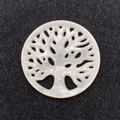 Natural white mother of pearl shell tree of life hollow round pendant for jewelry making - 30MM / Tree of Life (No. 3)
---
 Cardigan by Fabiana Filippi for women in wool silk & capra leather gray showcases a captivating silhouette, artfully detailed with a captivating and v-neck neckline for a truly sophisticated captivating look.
==
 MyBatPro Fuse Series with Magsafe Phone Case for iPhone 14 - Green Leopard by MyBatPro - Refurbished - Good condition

## REQUIREMENT
Wherever the string "with" is found in the entries, copy the line it sits in.

## SOLUTION
 Cardigan by Fabiana Filippi for women in wool silk & capra leather gray showcases a captivating silhouette, artfully detailed with a captivating and v-neck neckline for a truly sophisticated captivating look.
 MyBatPro Fuse Series with Magsafe Phone Case for iPhone 14 - Green Leopard by MyBatPro - Refurbished - Good condition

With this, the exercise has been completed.